**What is needed:** Output all of the data exactly as it appears, but leave out any pictures it contains.

(Captioned web images)
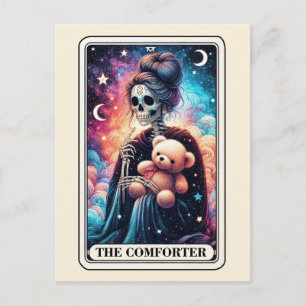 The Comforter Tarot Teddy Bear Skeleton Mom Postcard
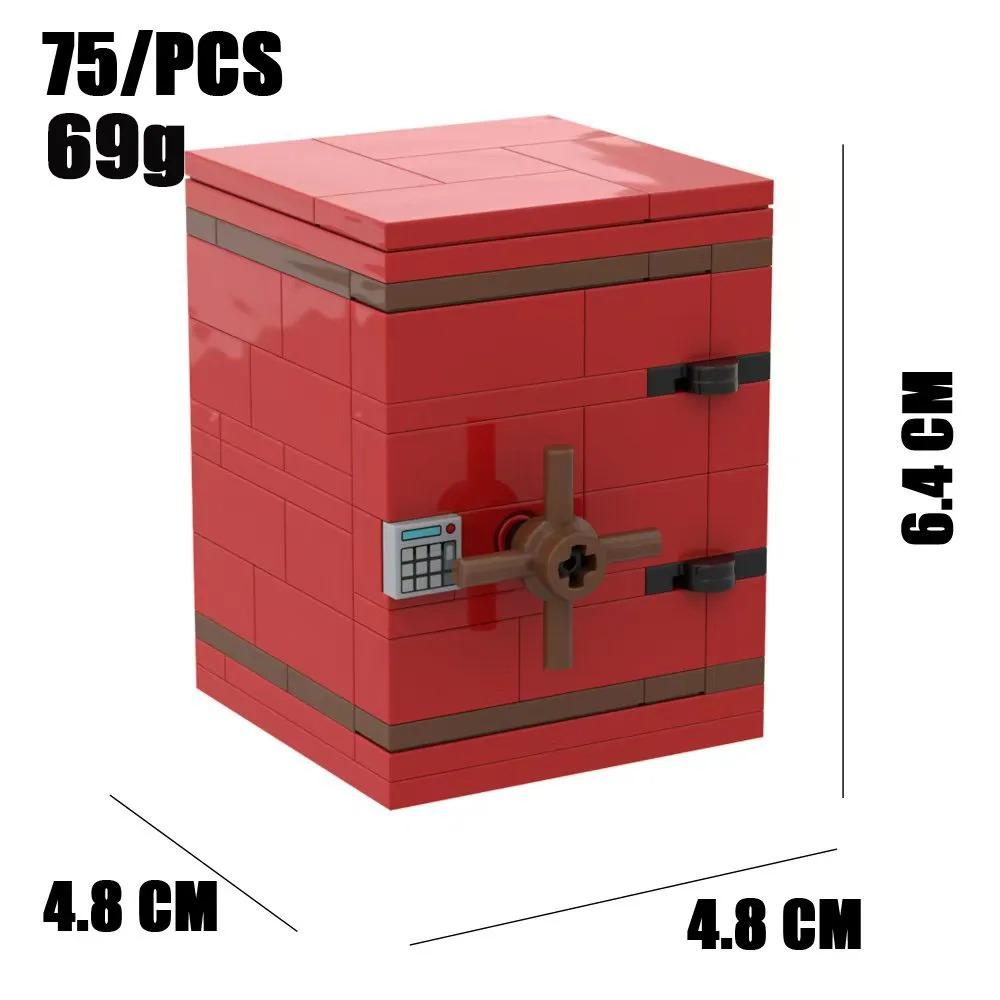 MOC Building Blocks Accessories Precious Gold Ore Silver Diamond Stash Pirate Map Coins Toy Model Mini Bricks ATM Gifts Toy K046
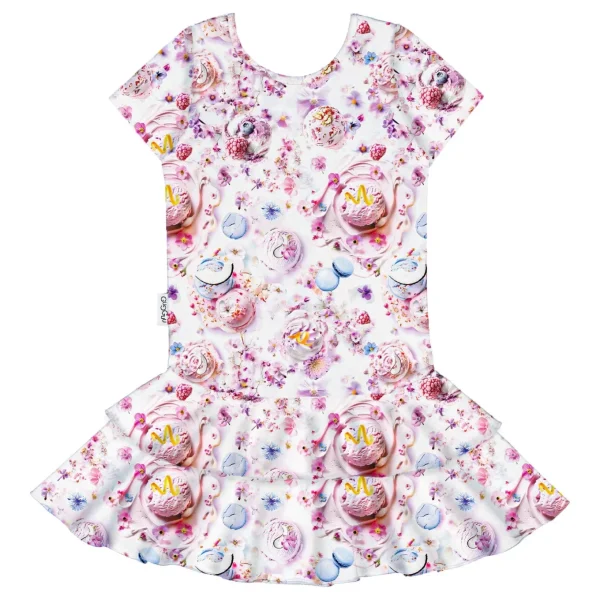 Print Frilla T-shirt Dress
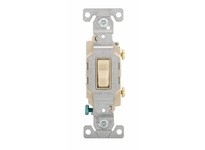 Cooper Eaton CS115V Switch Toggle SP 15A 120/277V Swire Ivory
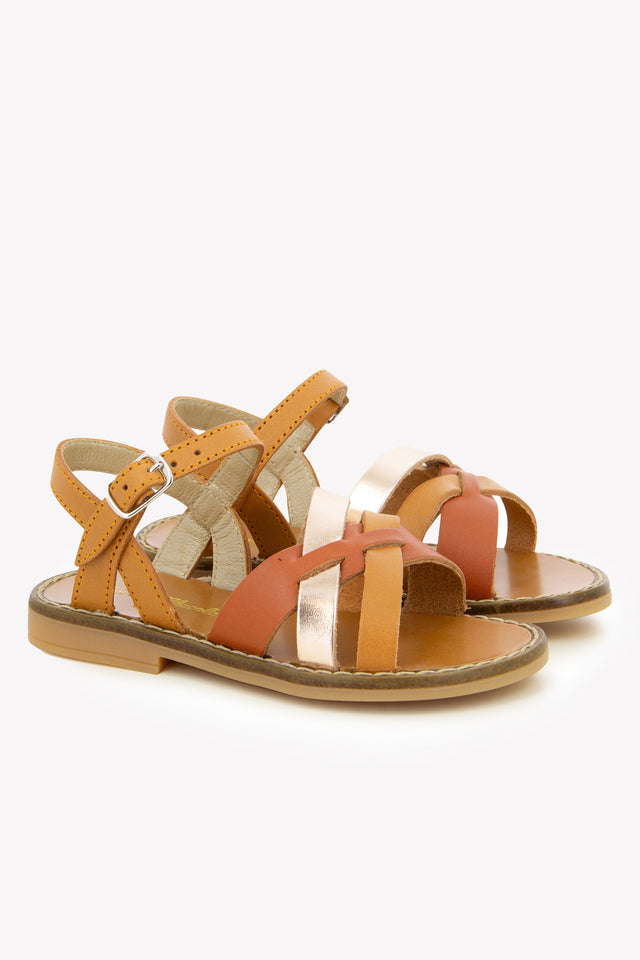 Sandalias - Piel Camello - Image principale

**Answer for this exercise:**
 The Comforter Tarot Teddy Bear Skeleton Mom Postcard
 MOC Building Blocks Accessories Precious Gold Ore Silver Diamond Stash Pirate Map Coins Toy Model Mini Bricks ATM Gifts Toy K046
 Print Frilla T-shirt Dress
 Cooper Eaton CS115V Switch Toggle SP 15A 120/277V Swire Ivory
 Sandalias - Piel Camello - Image principale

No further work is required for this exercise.